4.1. Thin film conducting electrodes

The thin film conductive electrodes were fabricated on 25×25mm2 glass substrates. A Ti layer (~100Å) is used to mediate the adhesion of the Pt layer (~1000Å). The main parameters of the deposition process were: substrate temperature ~25°C; total background pressure during deposition ~3×10−7 torr (Ti) and 5×10−6 torr (Pt); the deposition rate for Ti and Pt was ~5Å/sec. The electrode array was patterned using standard photolithography. The exposed part of the Pt film was removed by ion beam etching. The photoresist was removed with acetone. Finally, the surface of the electrodes was cleaned with isopropyl alcohol, sonicated in DI water and electrochemically pre-treated by cycling the potential between −0.3 and +1.2 V versus Ag/AgCl in 0.5M sulphuric acid until a steady state voltammogram was obtained. A schematic drawing of the electrode geometry is shown in Fig.1a (red lines). The electrode sensing area was 100×300µm2 and 20×300µm2 for experiments in single channels and T-type microfluidic devices, respectively. Three to five central electrodes were used as catecholamine sensitive electrodes and lateral bare Pt electrodes were used as counter electrodes.

4.2. Iridium oxide electrode fabrication

The solution for the electrochemical deposition of iridium oxide films was prepared according to protocols described in the literature (Marzouk et al., 1998; Yamanaka, 1989). In our case we used the following protocol: 150mg iridium tetrachloride was dissolved in 100ml of DI water and stirred for 20min; 1ml of 30% hydrogen peroxide was added and the resulting solution was stirred for 15min; 0.5g of oxalic acid was added and stirred for another 5min; anhydrous potassium carbonate was added to adjust the pH to10.5. In fresh solution had a light yellow color which changed to light violet after two days.
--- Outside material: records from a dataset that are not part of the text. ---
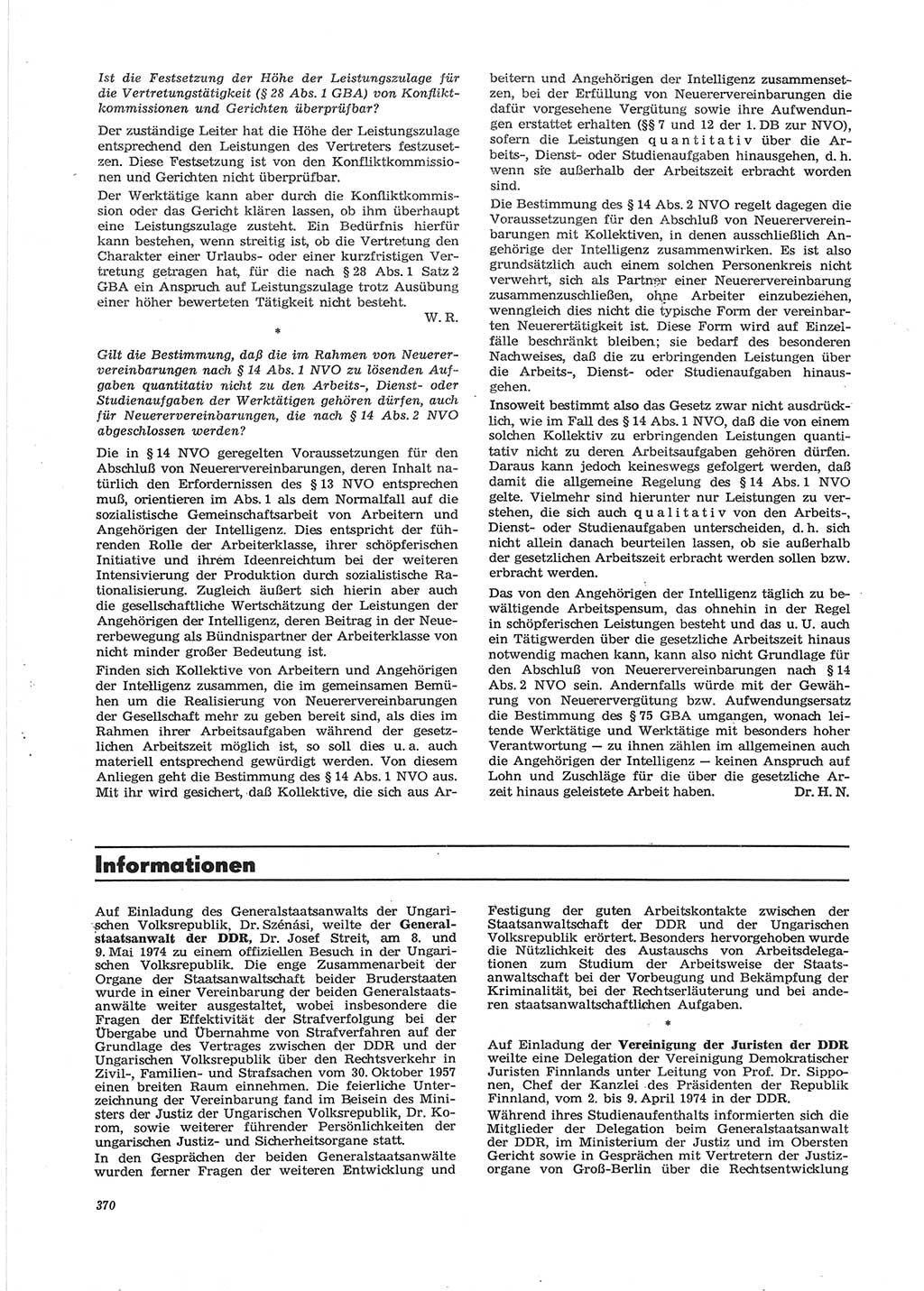 Neue Justiz (NJ), Zeitschrift für Recht und Rechtswissenschaft [Deutsche Demokratische Republik (DDR)], 28. Jahrgang 1974, Seite 370 (NJ DDR 1974, S. 370)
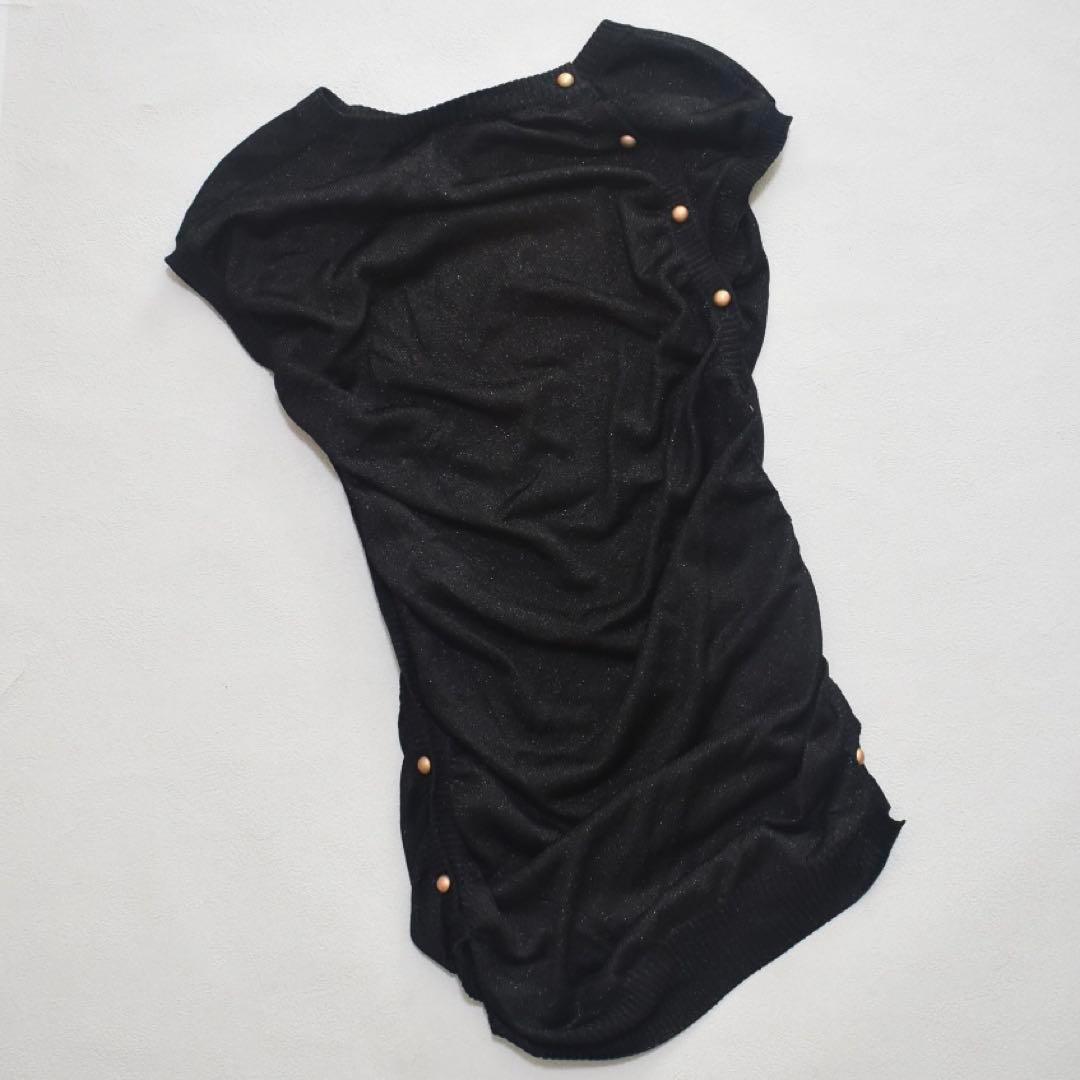 McQ アレキサンダーマックイーン ねじれ ワンピース イタリア製 ラメ 黒　金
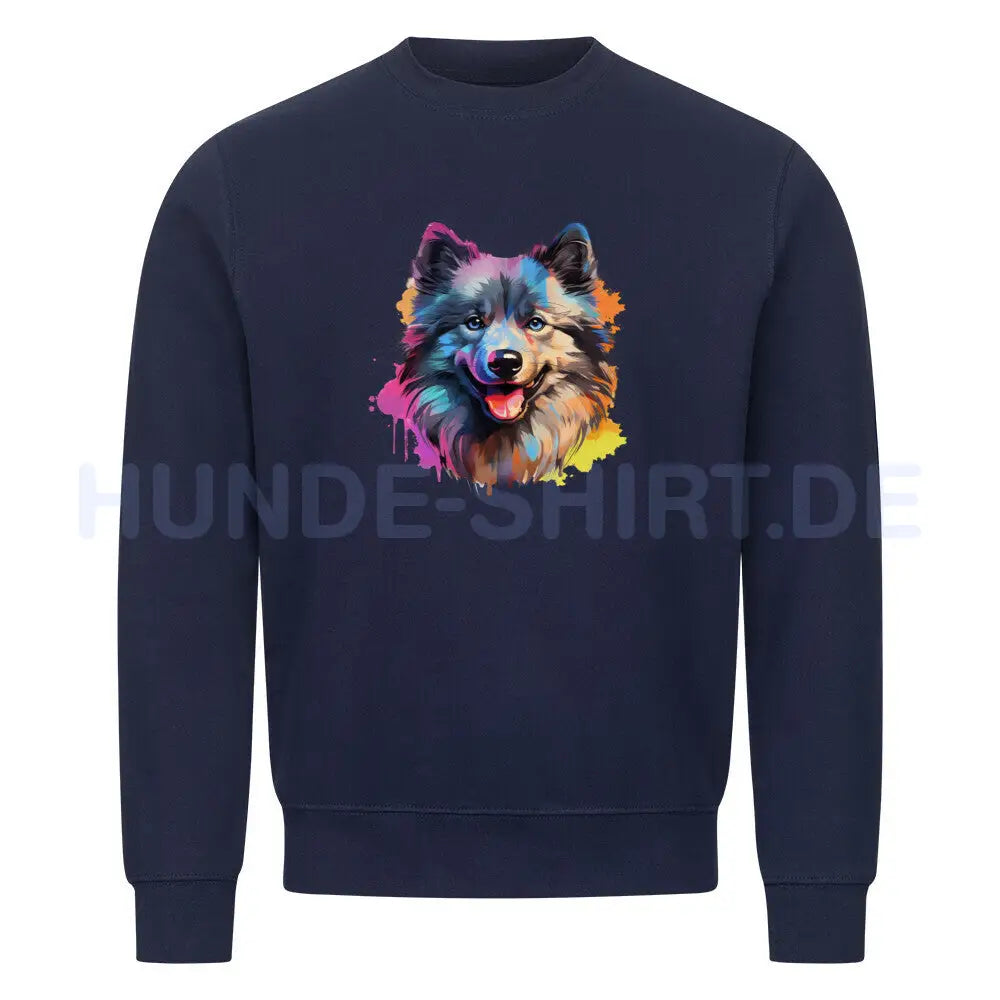 Premium Sweatshirt "Wolfsspitz - Paint" Navy Blue – hunde-shirt.de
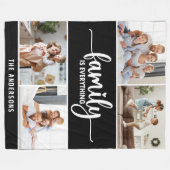 Family Script Typography Photo Collage フリースブランケット (正面(横))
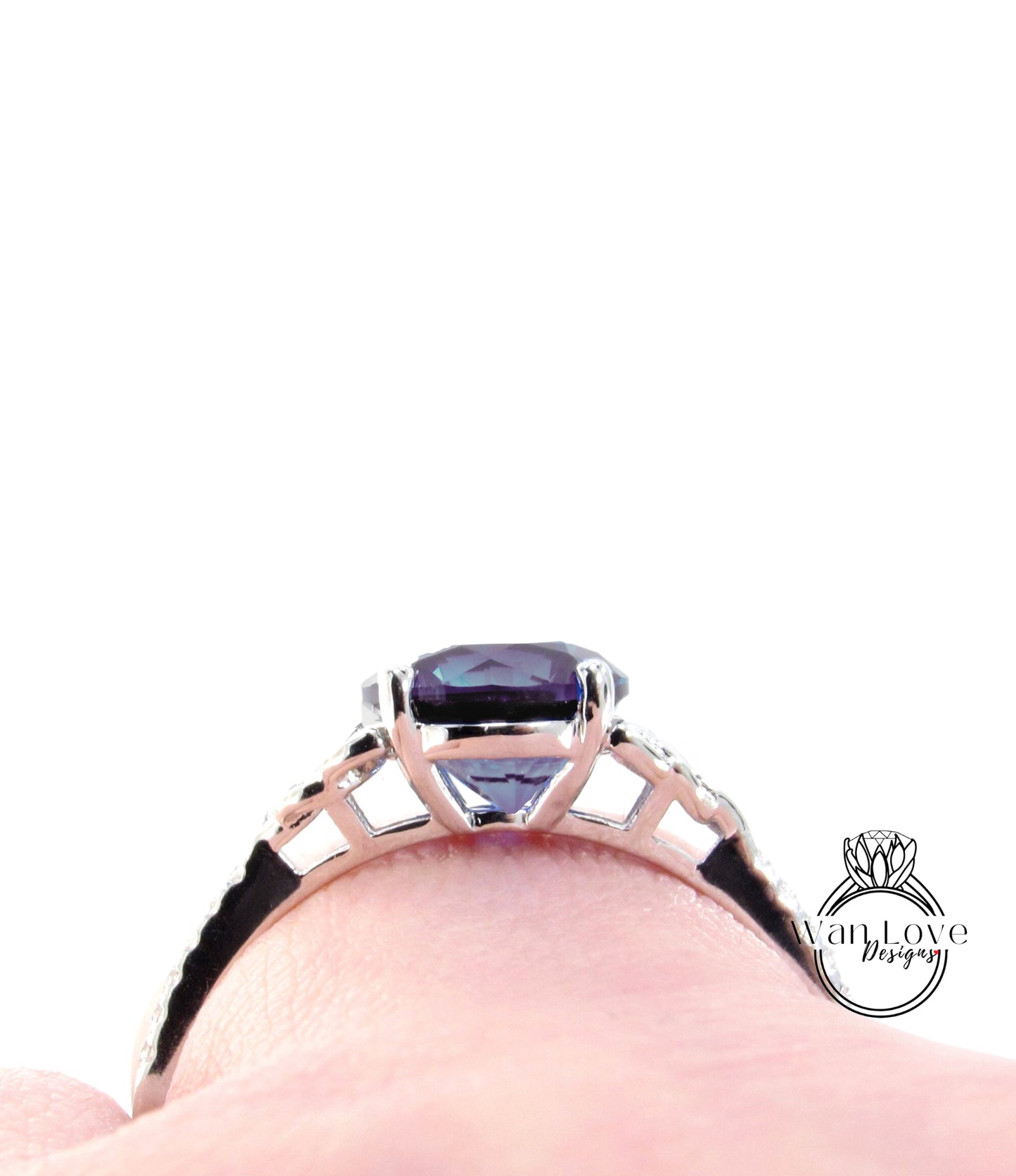 Celtic Knot Grey Moissanite & Diamond Radiant Engagement Ring Celtic Moissanite diamond half eternity ring Emerald Bridal Anniversary Ring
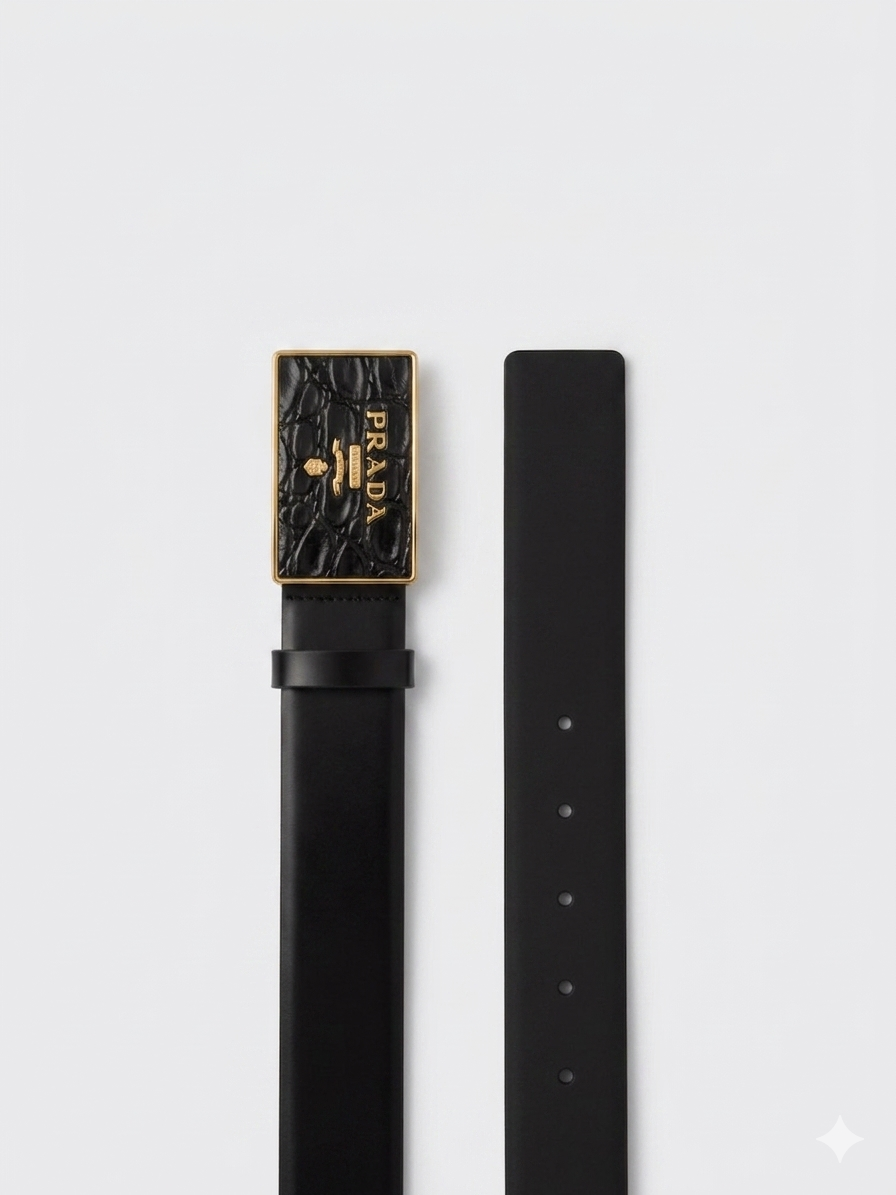 Prada Croc-Effect Insert Gold Buckle Belt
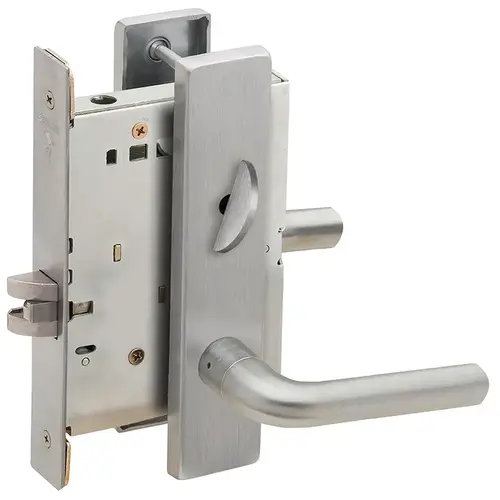 Bed / Bath Privacy Mortise Lock with 02 Lever and L Escutcheon Satin Stainless Steel Finish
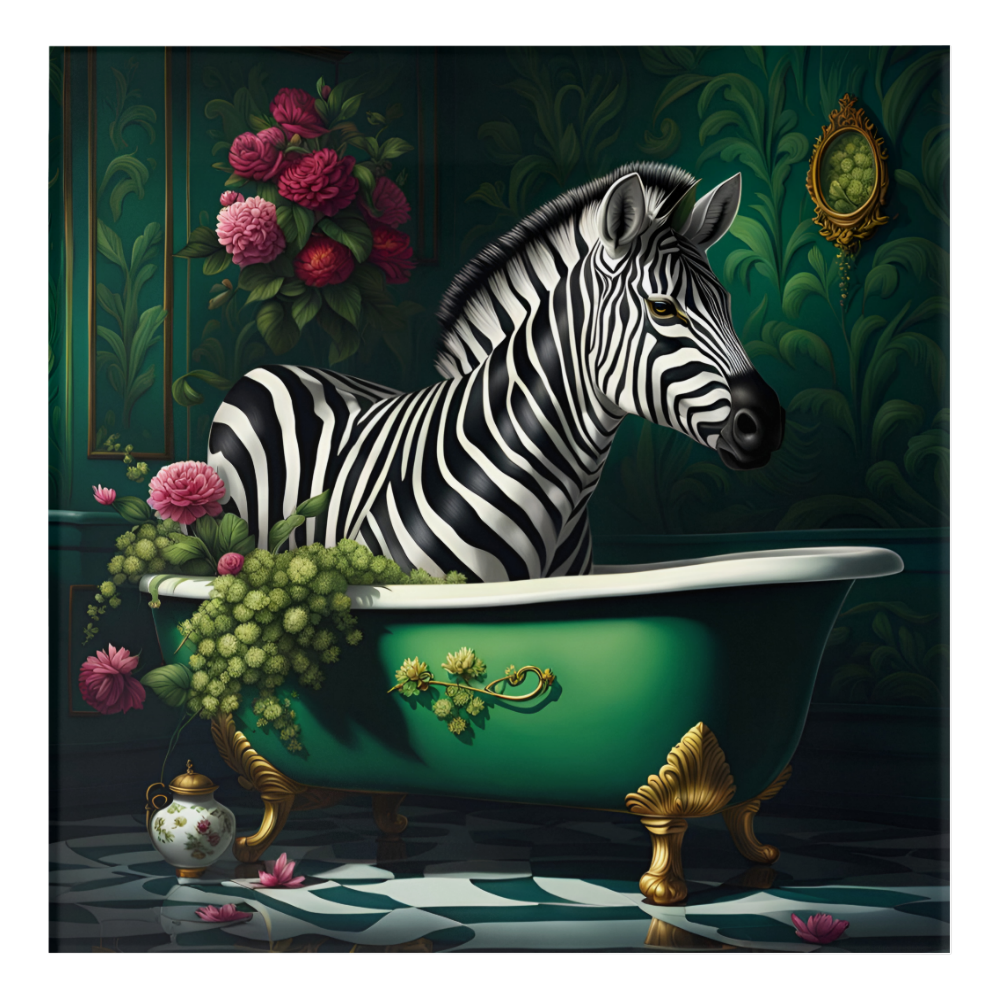 Zebra in a Bathtub Acrylic Print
During this stabilization process the solution is kept in an open beaker at RT for 24 hours followed by storing the solution in a closed dark container at 4°C. Iridium oxide films were fabricated using galvanostatic electrochemical deposition. Light blue–dark blue, 100–150nm thick IrOx films (fig.1b) resulted from the deposition at a constant current density of 1–1.5mA/cm2 after 8÷10 min. The fresh iridium oxide films were conditioned in a universal buffer with a pH7.0 for two days to minimize potential drifts during measurements. Our anodically grown iridium oxide films typically show a Nernstain response with slopes between (−65)÷(−75)mV/pH at 20°C and linear responses in the pH range of 4–11.The deposition method and the characterization of the IrOx films is described further in our previous works (Ges et al., 2005; Ges et al., 2007).

4.3. Microfluidic network design

The microfluidic network was fabricated from PDMS (polydimethylsiloxane) using soft lithography. PDMS was prepared by mixing PDMS pre-polymer with curing agent and degassing the mixture in a vacuum chamber for 20min. The master was fabricated by spinning a 30µm thick layer of negative photoresist (SU-8 2025, MicroChem Corp, Newton, MA) on a silicon wafer and by exposing it to UV light (160mJ/cm2) through a chromium mask. A 30-minute post processing hard bake at 200°C was performed on a hot plate to increase the durability of the resist. The master was placed in a Petri dish, which was filled to a height of approximately 8mm with PDMS and cured in an oven for 3 hours at 70°C. After curing, the elastomer was mechanically separated from the master and cut into discrete devices. Access holes for the fluidic connections were punched into the PDMS using sharpened blunt 18 gauge needles.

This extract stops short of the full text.